Sul refrain “non si è deciso ancora nulla, non è stato firmato niente”: questo è chiaro. La riunione dei capigruppo serve ad imprimere una direzione, è il Consiglio (con ratifica del Parlamento UE) che approva. Il punto però resta intatto: la giustificazione che non è stato deciso nulla e che l’Italia potrà farne richiesta, se ritiene, in futuro, usata per avvalorare la posizione, ce la dice lunga sulla bontà della stessa.
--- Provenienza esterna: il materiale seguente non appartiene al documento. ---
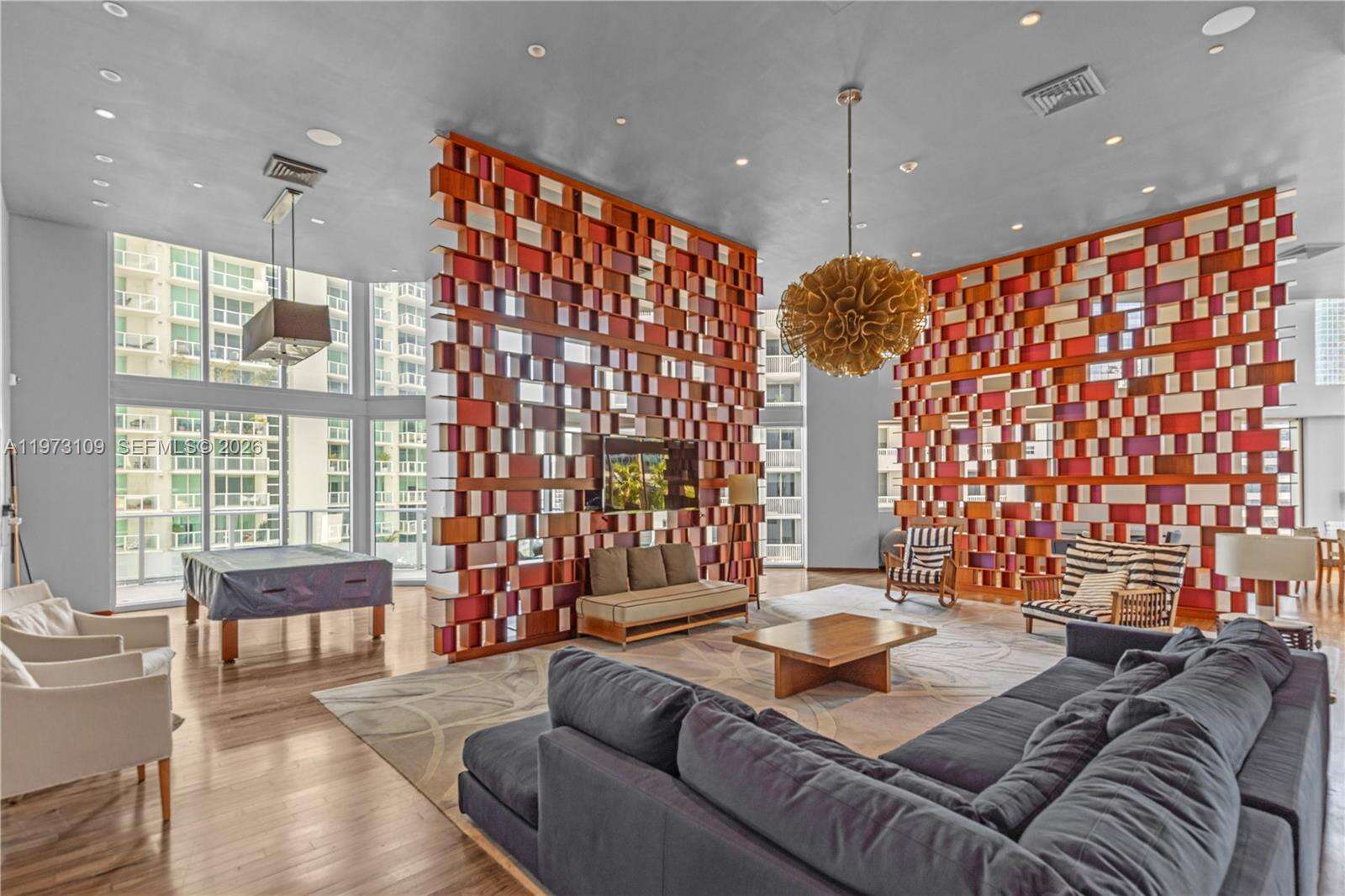 Brickell House at 1300 Brickell Bay Dr, Miami, FL 33131 - For Sale photo 30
La descrive, implicitamente, come un rischio che però viene attivato solo se richiesto.
Passiamo agli altri punti previsti nel documento finale (che ho impiegato tutta la mattinata per leggere): La BEI, che aprirà le linee di credito per le imprese, è finanziata con fondi nazionali, e non si rivolge agli Stati. Anche questo un prestito condizionato;
Il SURE (fondo antidisoccupazione)dipende anch’esso dalle garanzie che gli Stati assicurano “su base volontaria” (sic!).
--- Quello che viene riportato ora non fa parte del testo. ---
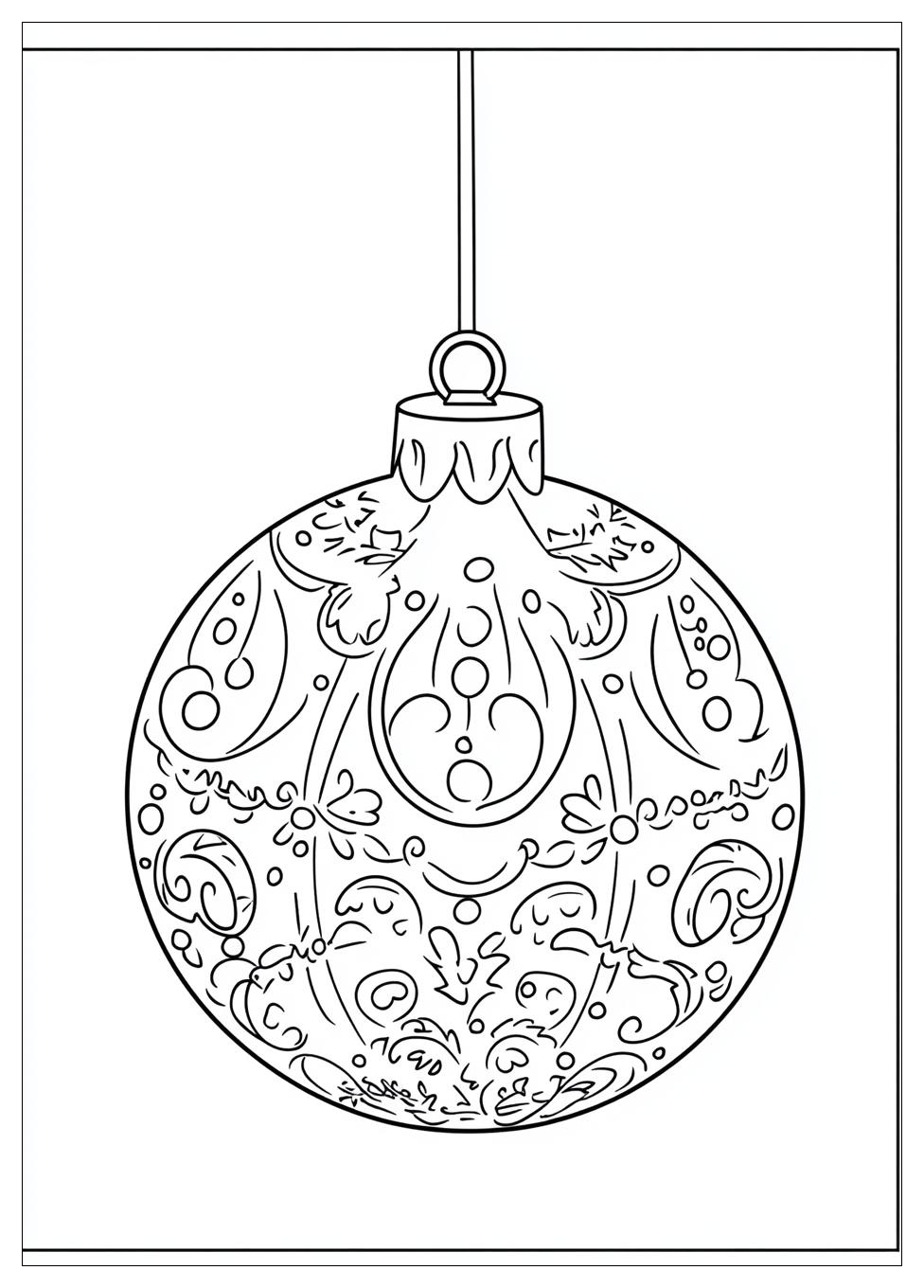 ornament_coloring_pages_10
In sintesi, l’Unione Europea non mette un centesimo (solo 2,7 mld del budget europeo) se non a prestito e con condizionalità predatorie. Questo è il punto, tutto il resto è speciosa retorica.
L’unica cosa positiva è ciò che nel testo finale non c’è: la promessa di corona-bond che gravino sul debito europeo ed il recovery fund rimandato al prossimo Consiglio. Un compromesso al ribasso per l’Italia, dunque. Che rispecchia i reali rapporti di forza in europa sbilanciati a favore dei Paesi centrali e nordici.
Ma di promesse si vive e si muore. L’unica speranza è ora riposta nel Presidente del Consiglio Conte e nel Parlamento che dovrà eventualmente approvare l’accesso al MES. Spero lo rifiuti e che lo scontro tra Conte e Gualtieri si risolva con le dimissioni del secondo. Presidente, tenga duro!